Data provided.
_ _ _ _

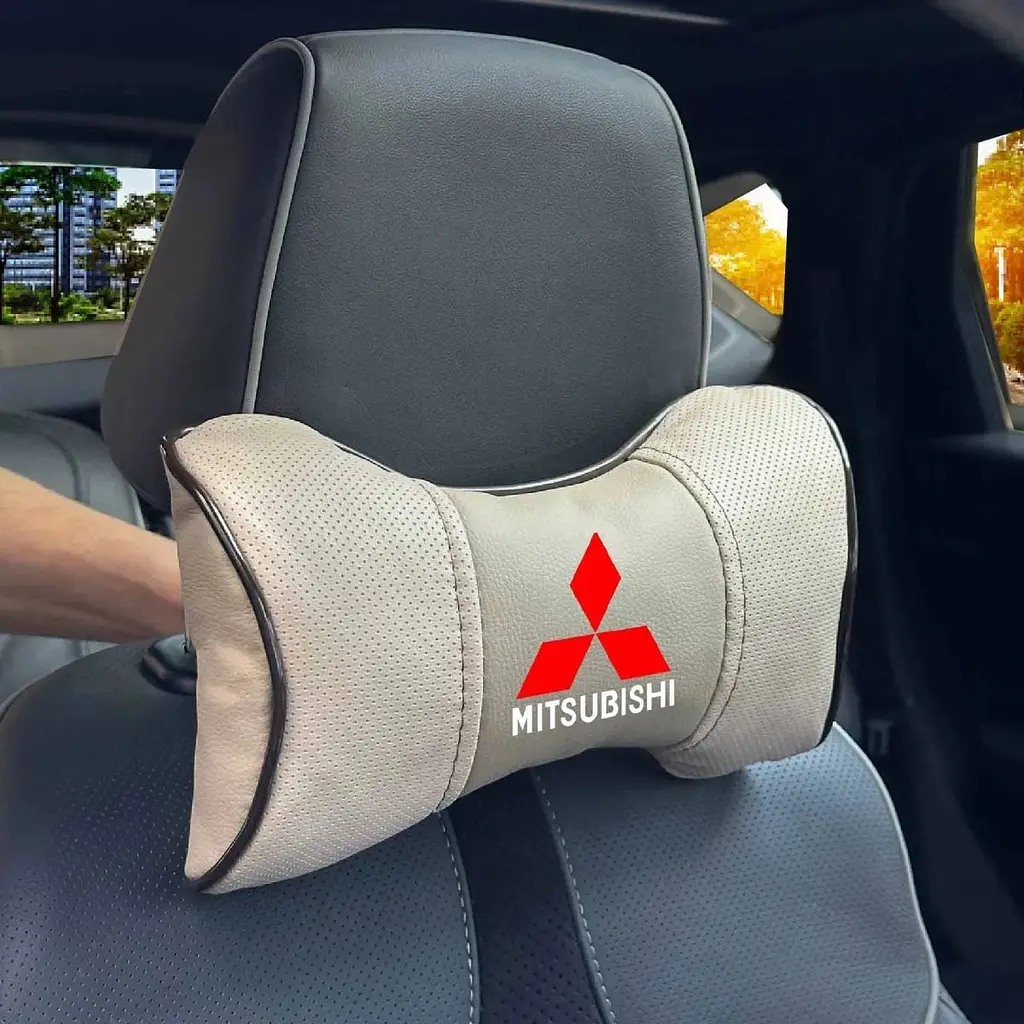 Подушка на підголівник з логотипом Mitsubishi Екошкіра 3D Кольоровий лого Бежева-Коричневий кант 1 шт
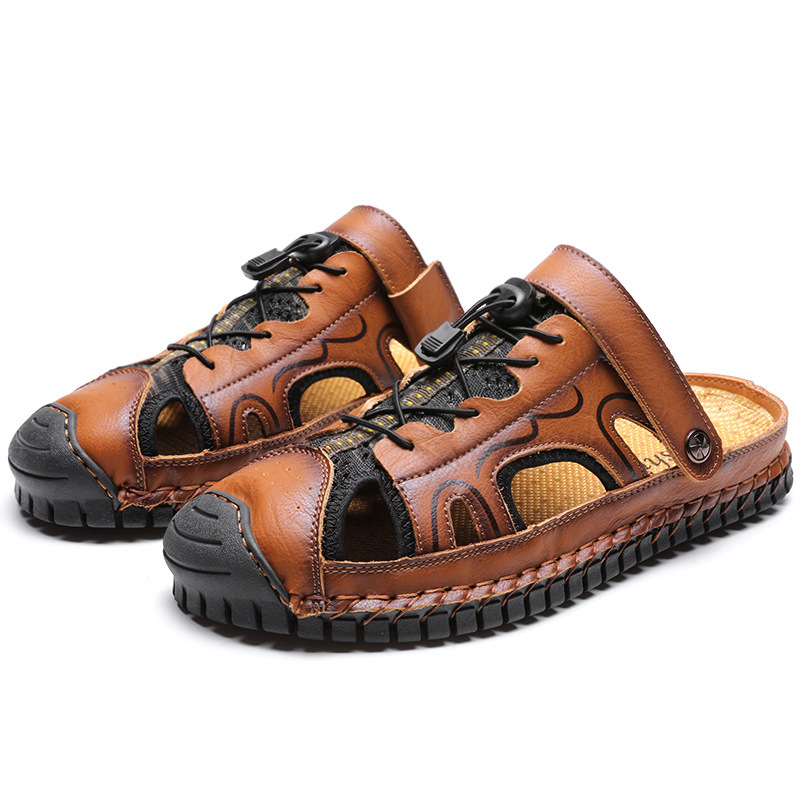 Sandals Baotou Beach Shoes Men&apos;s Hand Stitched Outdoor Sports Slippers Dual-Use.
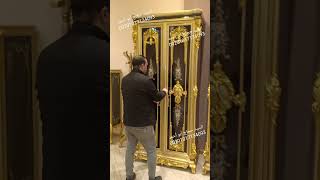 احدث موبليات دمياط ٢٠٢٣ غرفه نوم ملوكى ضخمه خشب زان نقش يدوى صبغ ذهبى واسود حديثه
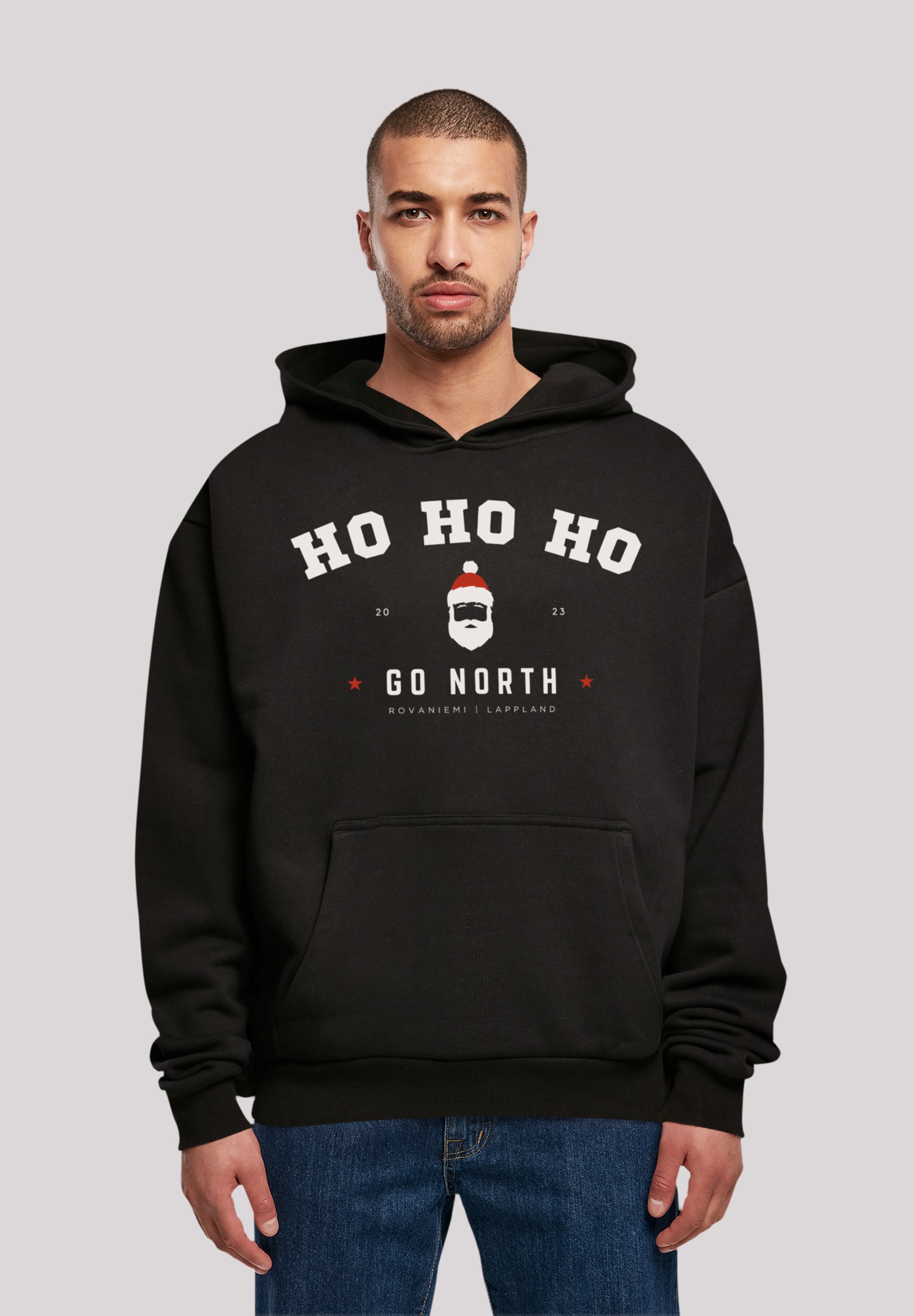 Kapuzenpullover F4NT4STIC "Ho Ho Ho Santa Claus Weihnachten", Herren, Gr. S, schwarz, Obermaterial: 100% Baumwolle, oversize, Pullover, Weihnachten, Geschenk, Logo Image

_ _ _ _

Goal of the exercise. Give the data again word for word, without pictures.

Answer to this task.
 Подушка на підголівник з логотипом Mitsubishi Екошкіра 3D Кольоровий лого Бежева-Коричневий кант 1 шт
 Sandals Baotou Beach Shoes Men&apos;s Hand Stitched Outdoor Sports Slippers Dual-Use.
 احدث موبليات دمياط ٢٠٢٣ غرفه نوم ملوكى ضخمه خشب زان نقش يدوى صبغ ذهبى واسود حديثه
 Kapuzenpullover F4NT4STIC "Ho Ho Ho Santa Claus Weihnachten", Herren, Gr. S, schwarz, Obermaterial: 100% Baumwolle, oversize, Pullover, Weihnachten, Geschenk, Logo Image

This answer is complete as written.